The alert fires when internal ecom indexer jobs for an account/index have less than 99% success over 30 minutes. Internal jobs are system-initiated writes, such as fork/reindex or maintenance traffic. Because Marqo controls these requests, failures usually indicate a platform, settings, data-shape, or destination-index issue rather than customer input.
Triage
- Use the alert labels to identify
label_system_account_idandlabel_index_name. - Check
prod-EcomIndexerFunctionlogs for the affected account/index and recent internal jobs. - Inspect
prod-EcomIndexerJobsTablefor jobs withis_internal = trueand terminal statuses other thanCOMPLETED. - Check whether failures are concentrated on one operation, destination index, reindex/fork, or new field/backfill.
- Classify the failure:
- 4XX-style failures usually mean the payload or destination index config is invalid.

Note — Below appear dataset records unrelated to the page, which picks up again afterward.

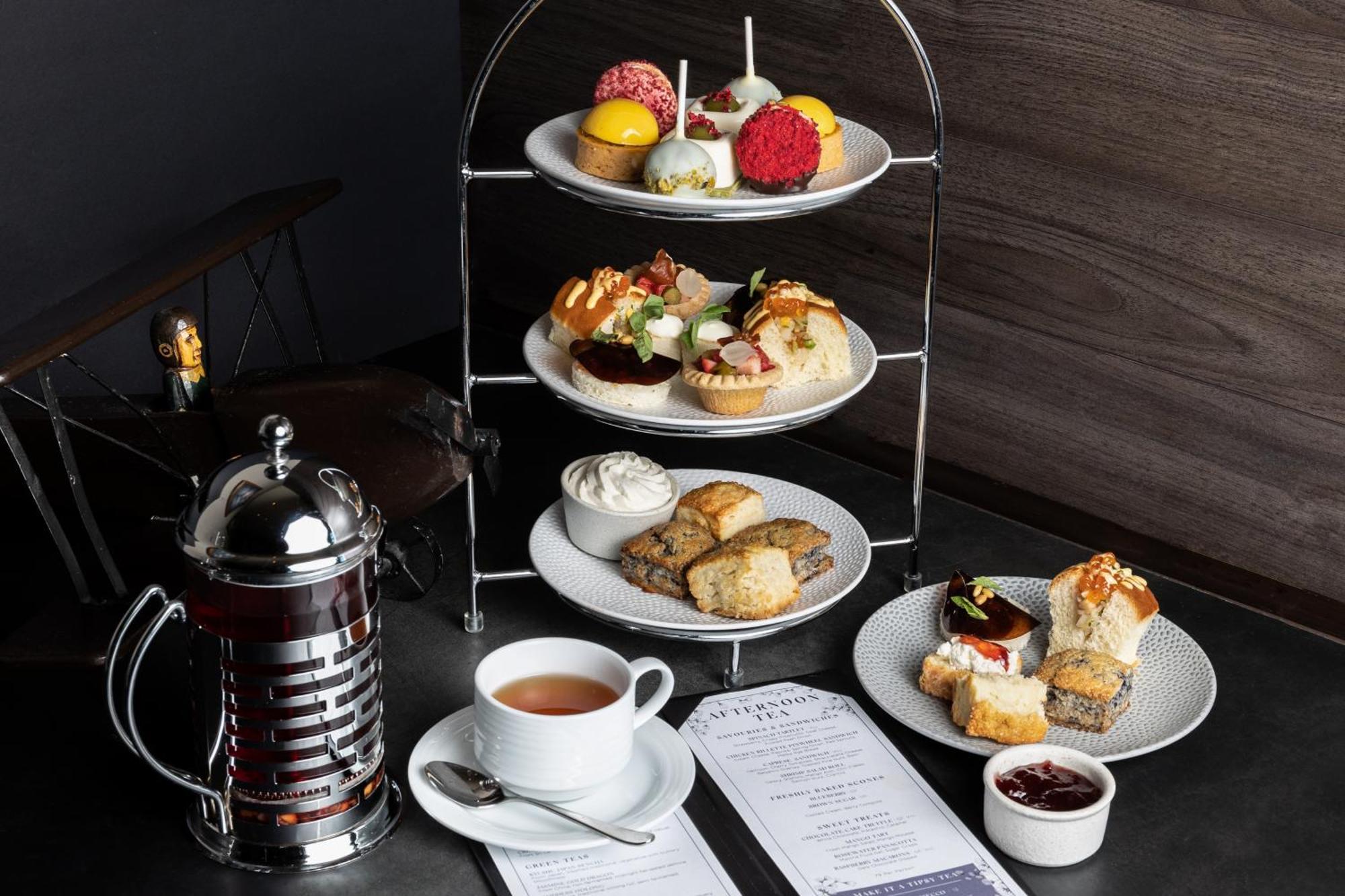 Fairmont Vancouver Airport In-Terminal Hotel Ричмонд Экстерьер фото Afternoon tea at the Hilton London Heathrow
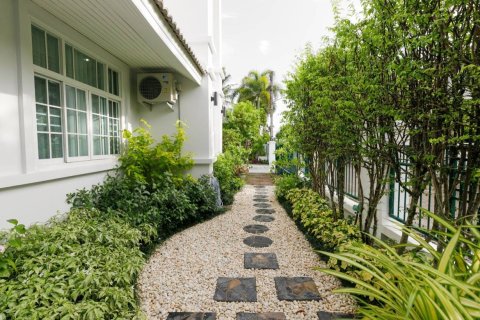 6 bedrooms House in Chiang Mai, Thailand No. 98183 9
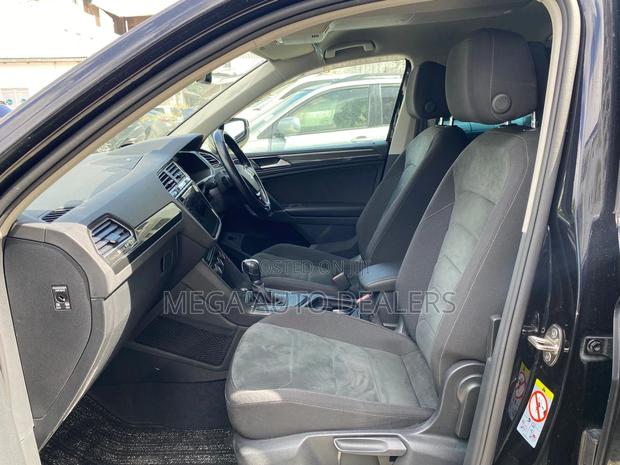 Volkswagen Tiguan 2018 Black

- 5XX-style failures usually mean Marqo, ecom API, or downstream infrastructure failed the request.
Useful starting point:
aws logs tail /aws/lambda/prod-EcomIndexerFunction --since 30m --filter-pattern "?ERROR ?Traceback ?Exception"
See Add Documents, Debugging indexer failures, and Reindexing.
Remediation
- If payloads are invalid, fix the generator/replay path before retrying failed jobs.
- If settings, aliases, or destination index visibility are wrong, fix those first and verify the ecom API can route the internal request.
- If the destination index is overloaded, scale cautiously and monitor data-plane CPU/GPU/Vespa health before increasing indexing concurrency.
- Redrive or re-run internal jobs only after the root cause is fixed and after checking whether replay can overwrite newer writes.
Validation
- New internal jobs for the affected account/index complete successfully.
- Failed internal job count stops increasing.
- The alert clears after the 30 minute lookback no longer contains failed internal jobs.